Lucky you; your slim profile lets you pull off the most challenging fabrics and cuts, but beware! When anything is possible, even bad ideas can seem like good ones!
Your number one choice to look current, professional, and attractive, is a European-cut suit. With trousers and jacket fitted tightly to the body, this is a silhouette that only you can wear well. Heavier men tend to look like they’re ready to burst from a sausage casing in a slim-cut suit.
You even have the option of a three-piece suit, the vest giving a layer on the upper torso that helps create that masculine V-shape. A sweater vest will have the same effect, with a softer look; this can be a great choice if you tend to have an assertive personality.
When it comes to fabrics, you can carry off anything. Heavier tweeds and the like will add a bit of bulk, and tend to look best in drapier, looser cuts.

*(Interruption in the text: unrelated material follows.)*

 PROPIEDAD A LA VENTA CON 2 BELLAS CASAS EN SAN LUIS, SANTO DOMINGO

A high S-number wool in a sophisticated finish will look outstanding in a Euro-cut slim fitted suit. You’ve seen Tom Hiddleston and Benedict Cumberbatch wearing these looks on television a million times. Contrast the way Cumberbatch’s signature tweed coat gives him an almost military, assertive presence with the way his sleek suits give him a cool, sophisticated attitude.
For lapels, you truly can wear anything from a shawl to a peak to a notch; avoid Nehru or Mandarin collars, both because they can make your head look big and because this isn’t 1969.

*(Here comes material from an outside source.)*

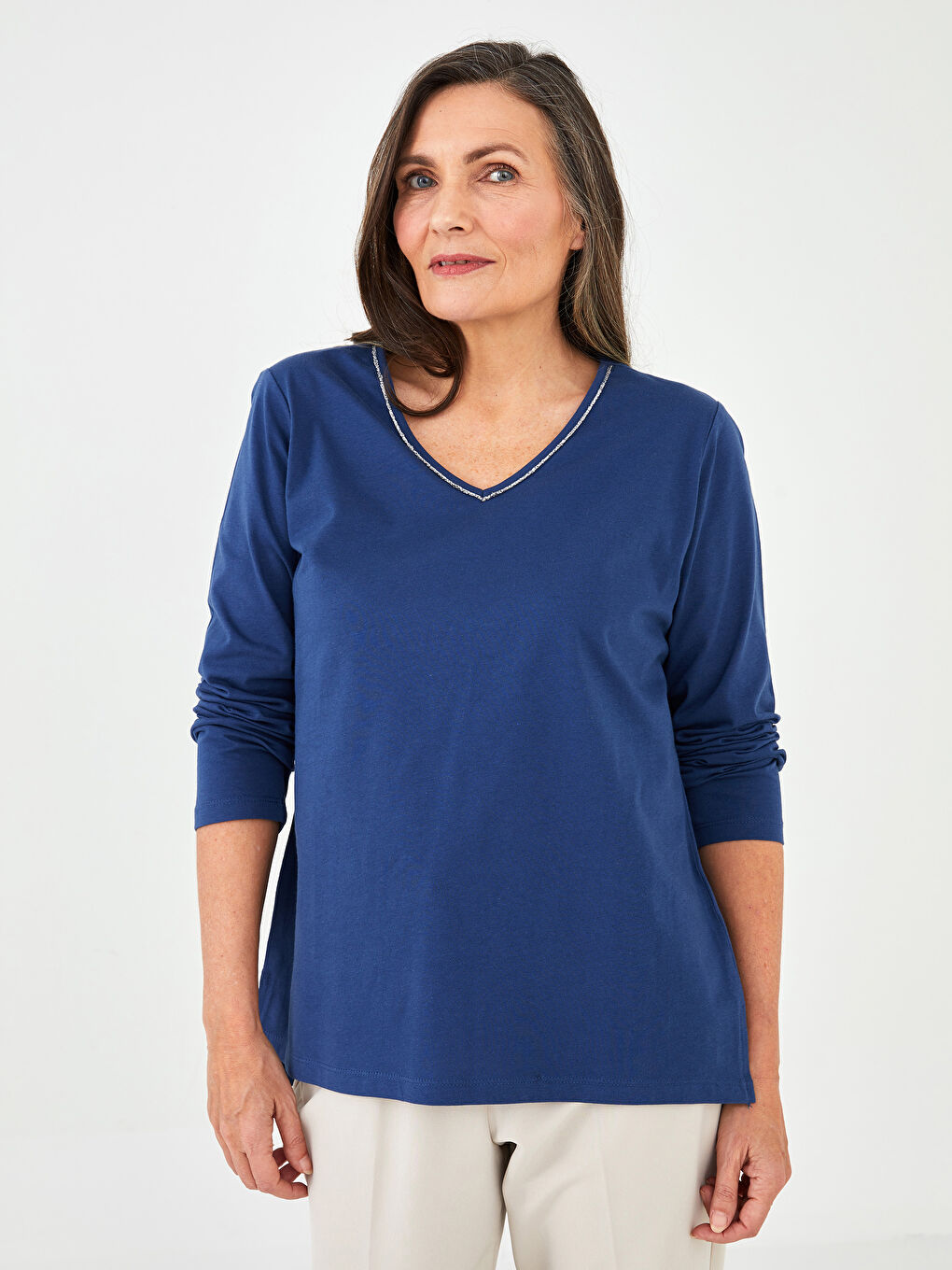 İndigo V Yaka Düz Uzun Kollu Pamuklu Kadın Tişört-1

Pockets, particularly flapped pockets on a dead horizontal, can work against the strong vertical, so if you fear you’re too beanpole-y, a jacket with flapped pockets can help balance you out. If you like looking long and lean, slanted pockets with no flaps are best.

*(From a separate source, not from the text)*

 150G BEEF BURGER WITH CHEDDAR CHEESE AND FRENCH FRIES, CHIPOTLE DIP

Since you haven’t much junk in your trunk you can chose no vent, a single vent, or a double, and always remember that the double vent will move more and reveal more of your suit’s lining, so why not go for a snazzy contrasting colour? A bit of sartorial surprise can be a good thing.
If your face is a long oval, you might find a British Spread Collar on your shirt will work well to counteract the sheer verticality of your presentation, and it shows off a good tie like no other collar. And French cuffs can look terrific on a long, lean arm.
Altogether, you can get away with the details that they shorter, stockier man should avoid, and you’re entitled to have fun with it.